Task to carry out: Would you print all of the entries exactly, please, but without their pictures?

(Image-caption web data)
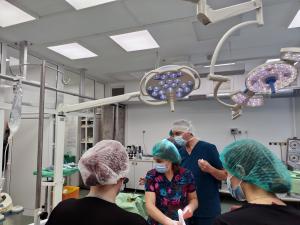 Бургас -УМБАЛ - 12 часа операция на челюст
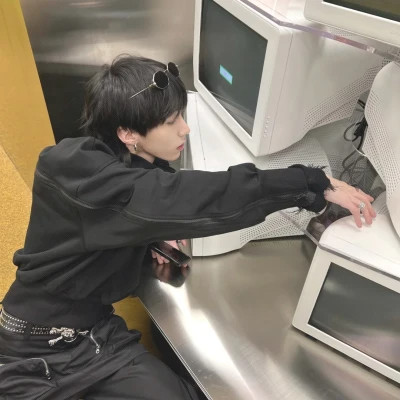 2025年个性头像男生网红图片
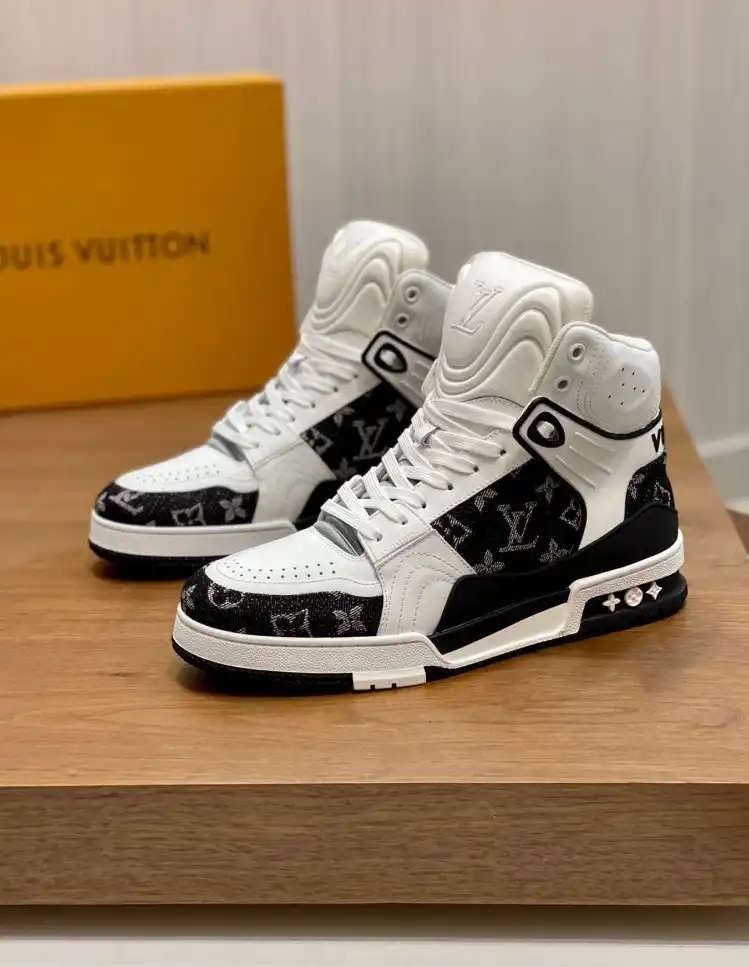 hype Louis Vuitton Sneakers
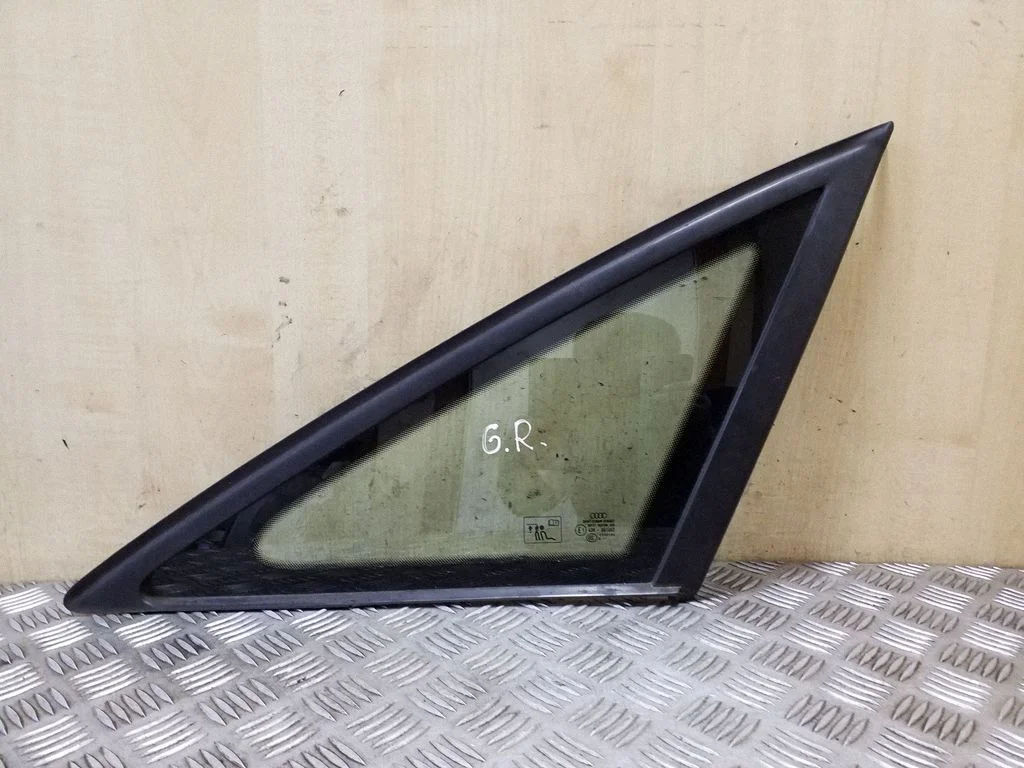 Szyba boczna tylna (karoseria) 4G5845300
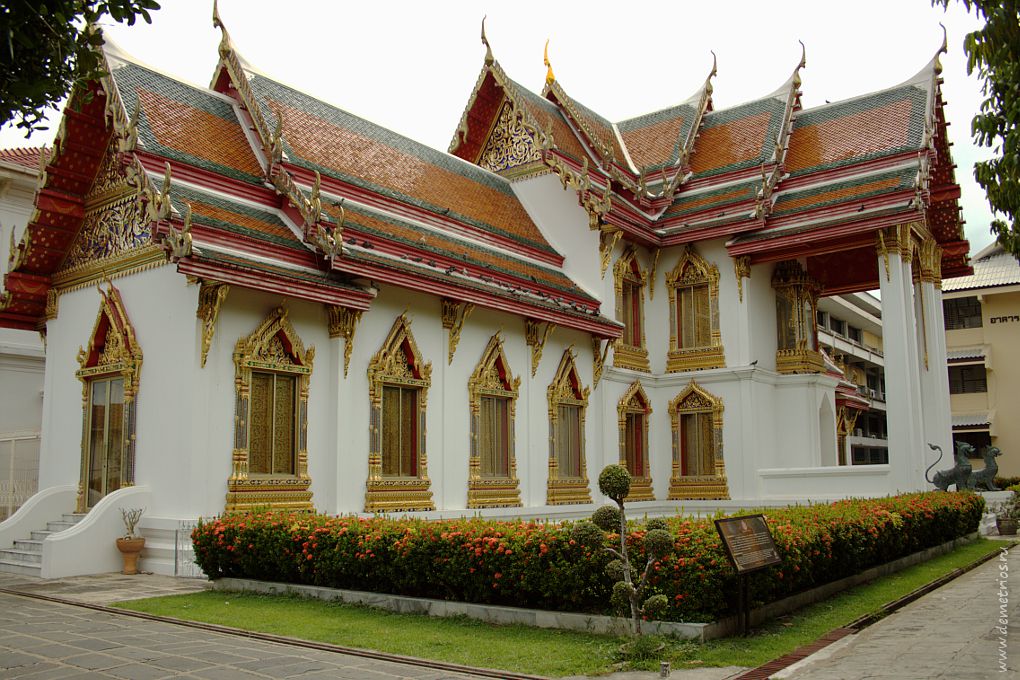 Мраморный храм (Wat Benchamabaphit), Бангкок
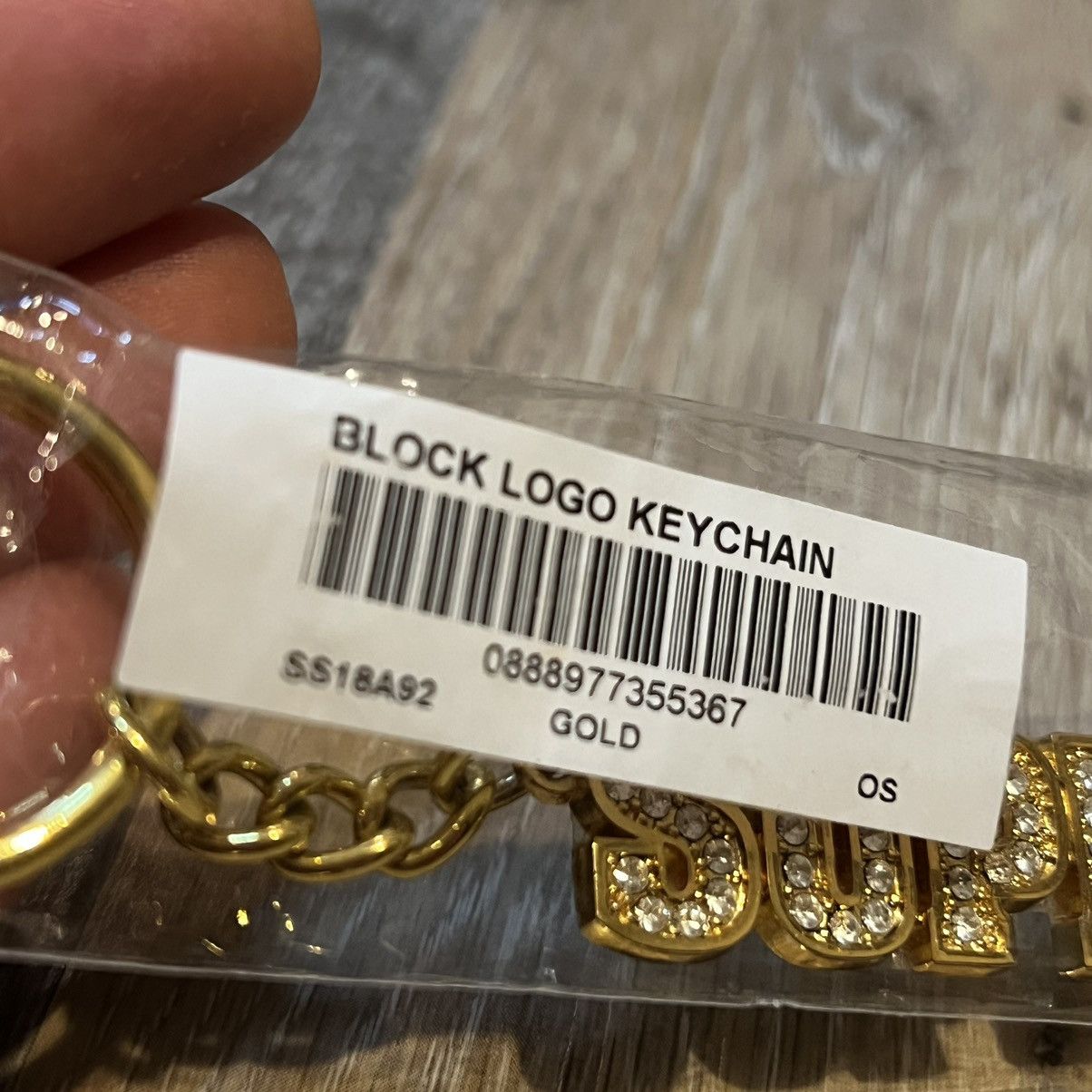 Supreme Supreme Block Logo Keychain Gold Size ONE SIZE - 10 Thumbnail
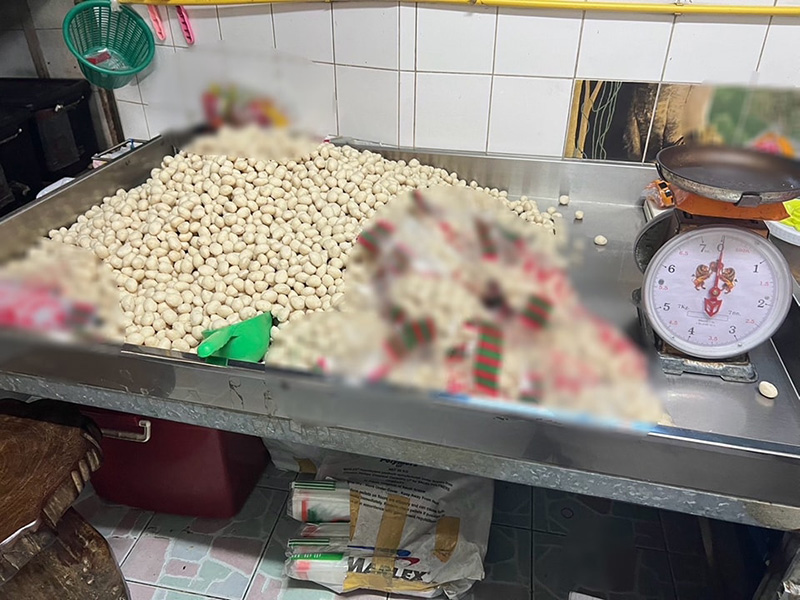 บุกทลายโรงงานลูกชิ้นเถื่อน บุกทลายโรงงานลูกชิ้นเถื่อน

Task output:
 Бургас -УМБАЛ - 12 часа операция на челюст
 2025年个性头像男生网红图片
 hype Louis Vuitton Sneakers
 Szyba boczna tylna (karoseria) 4G5845300
 Мраморный храм (Wat Benchamabaphit), Бангкок
 Supreme Supreme Block Logo Keychain Gold Size ONE SIZE - 10 Thumbnail
 บุกทลายโรงงานลูกชิ้นเถื่อน บุกทลายโรงงานลูกชิ้นเถื่อน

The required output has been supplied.